Outside the ballpark walls on the third base side, there are a bunch of large banners honoring old Mets along the Stadiums arched exterior. This was something I haven't heard anyone mention, so I was pleasantly surprised to see it.

The outfield entrances have silhouettes on gates lettering depicting 3 classic outfield catches in Mets history. Right field has an image of Ron Swoboda from Game #4 of the 1969 World Series, left Field has Endy Chavez's catch from 2006 NLCS, and center field has an ode to Tommie Agee's spectacular catches in Game #3 of the 1969 World Series.

I entered through the Bull Pen Gate and instantly saw the old Shea Home Run Apple. Not a favorite of mine but everyone was posing taking pictures of in front of it, so it seems to be a big hit in it's new home. Looking up I saw an arched bridge walkway which takes fans across the outfield area. I also got to look into the two bullpens which are right along side each other and right below the fans in the right center field seats.

The concourses are pretty wide, and there's alot of room to walk a
s you pass all the food concession lines and team store lines. There are plenty of clean restrooms and no long lines like the old Shea nightmare.

There are also plenty of elevators with pretty girls operating them taking you to each level. If you care to walk, there are cement stair cases, with plenty of signage on each level to let you know where you are. Like in most new ballparks, you can now walk around the whole stadium and take in its spectacular views from all angles. The ushers don't yell at you to move, as long as your not trying to go to the wrong seats, and aren't interfering with people in their seats. _______________________________________________________________

SEATING: On Opening Day I was in the Ceasars Club which were an mid priced ticket. Expensive yes, but what form of entertainment isn't these days? There was a covering from the top deck which was a little to low for my liking but all in all a good seat. From all the places we strolled that night, you do feel like your right on top of the action. Much different than Shea. Alot of people are complaining, about obstructed views, and that they are unhappy with their seats. Part of this, is people have to complain and part of it is did they do their home work. I searched high & low through all those computer generated seat views upon finding my seats with my ticket plan. I saw them in person on Opening Night and can't wait to sit in them Better than the higher priced seats, I could have had at a lower lever, with obstructed views & 30 rows up. There is nothing to complain about in this ball park, even if you dont like your seast. You can always go to a club, bar or porch section to view the game.

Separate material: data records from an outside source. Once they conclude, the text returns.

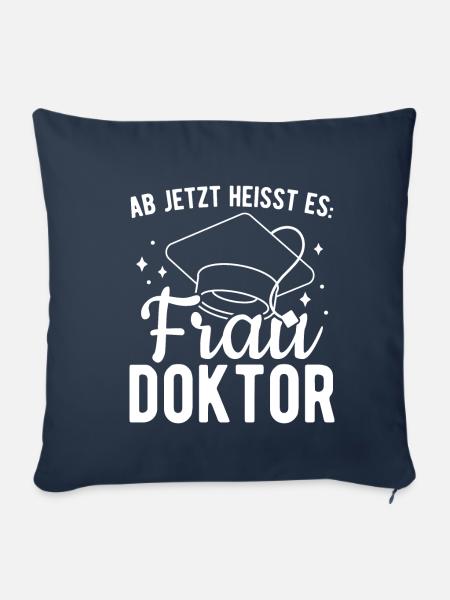 Ab Jetzt Heißt Es FRAU DOKTOR - Promotion Doktorin - Sofakissenbezug 45 x 45 cm - Navy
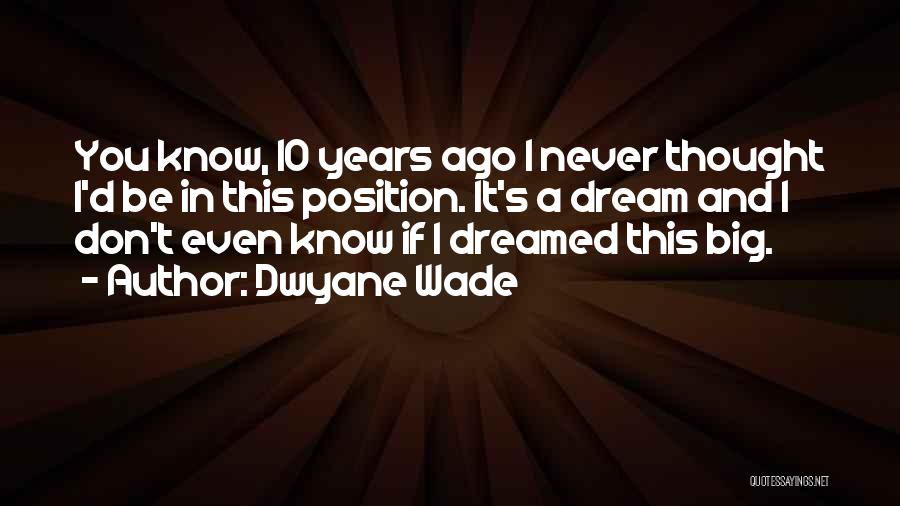 Dwyane Wade Quotes: You Know, 10 Years Ago I Never Thought I'd Be In This Position. It's A Dream And I Don't Even
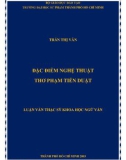 Luận văn Thạc sĩ Khoa học ngữ văn: Đặc điểm nghệ thuật thơ Phạm Tiến Duật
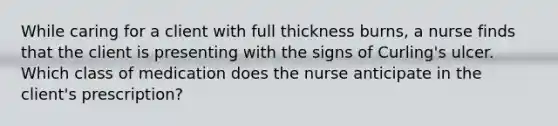 While caring for a client with full thickness burns, a nurse finds that the client is presenting with the signs of Curling's ulcer. Which class of medication does the nurse anticipate in the client's prescription?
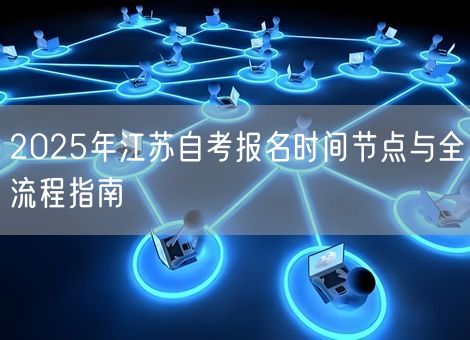 2025年江苏自考报名时间节点与全流程指南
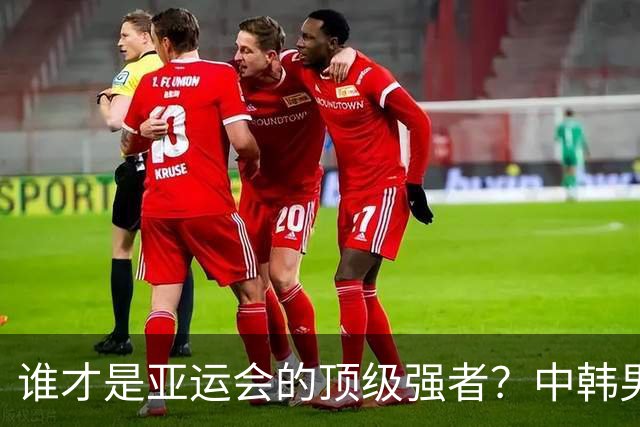谁才是亚运会的顶级强者？中韩男足半决赛精彩来袭！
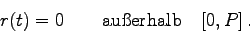 \begin{displaymath}
r(t) = 0\qquad\mbox{au\ss erhalb}\quad [0,P] .
\end{displaymath}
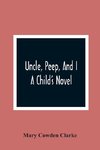 Uncle, Peep, And I. A Child'S Novel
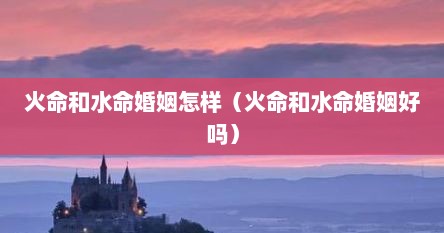 火命和水命婚姻怎样（火命和水命婚姻好吗）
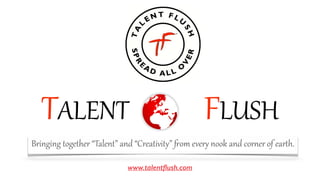 TALENT                            FLUSH
Bringing  together  “Talent”  and  “Creativit;”  <om  ever;  nook  and  cor@er  of  earBh.
www.talentﬂush.com
 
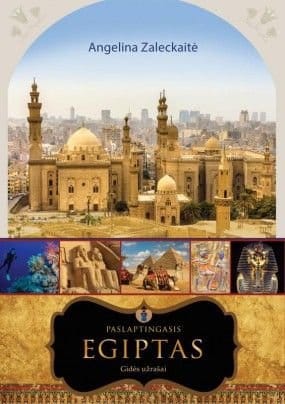 Paslaptingasis Egiptas. Gidės užrašai.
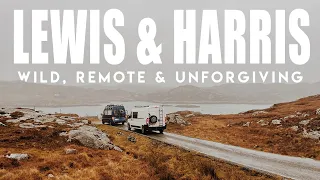 LEWIS & HARRIS, It's Wild, Remote and Unforgiving. VAN LIFE UK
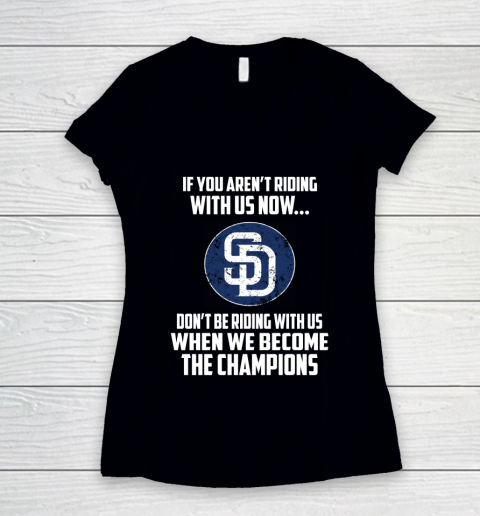 MLB San Diego Padres Baseball We Become The Champions Women's V-Neck T-Shirt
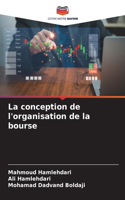 conception de l'organisation de la bourse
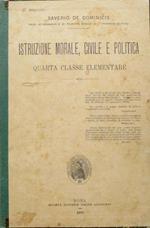 Istruzione morale, civile e politica: quarta classe elementare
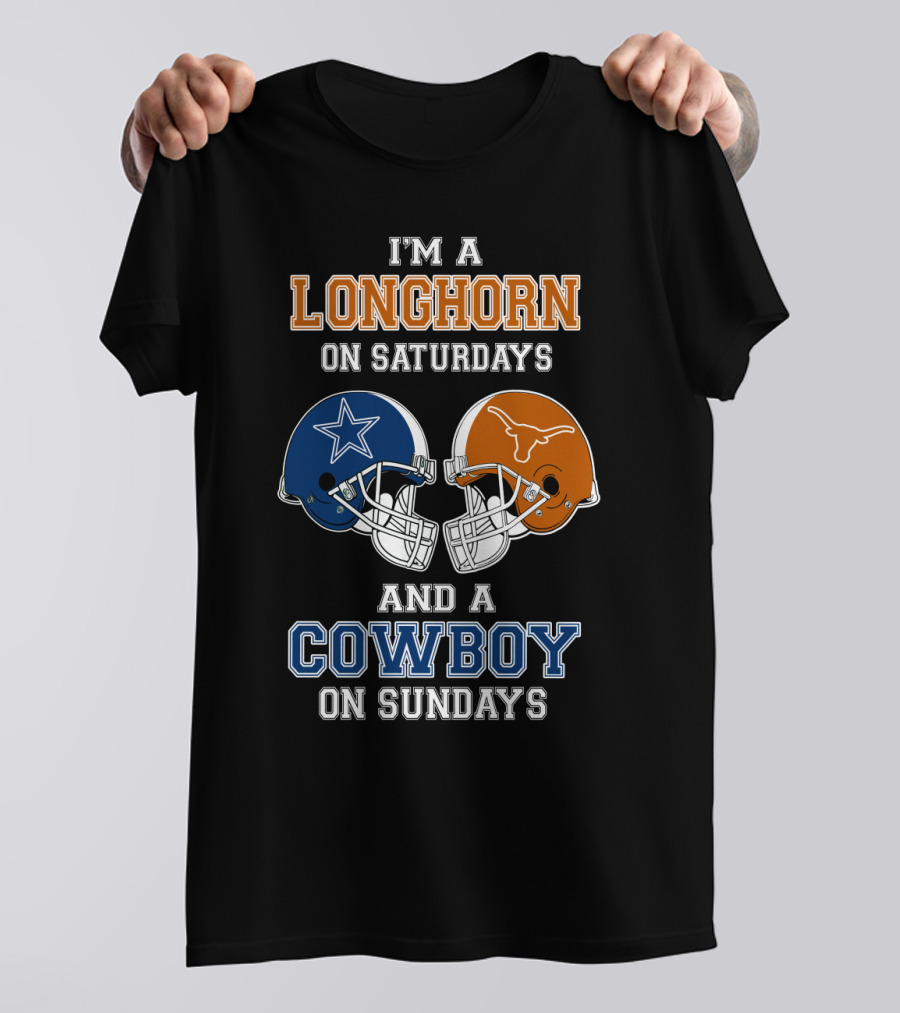 I'm A Longhorn On Saturdays And A Cowboy On Sundays T-Shirt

The seats have alot more leg room, something Shea didn't and they are alot wider. They all have cup holders too!! Finally!! There is also alot of designated areas for handicap seating.


Theres plenty of porches and standing room areas to view the field.The Bridge Terrace (as I mentioned earlier) features an arched bridge walkway which takes fans across the outfield area. The bridge is reminiscent of the Hell Gate Bridge which is a freight train & Amtrak rail road bridge connecting Astoria with the Bronx. I love this little bridge, very cool idea. There are tables here and its not far from the "Taste of the City" Food Court. It's another great spot to stand up, hang out & peek at the game. Standing room was tight but we stood here and saw David Wright hit the 1st Mets home run at Citi Field. It was followed by plenty of high fives from all our new friends.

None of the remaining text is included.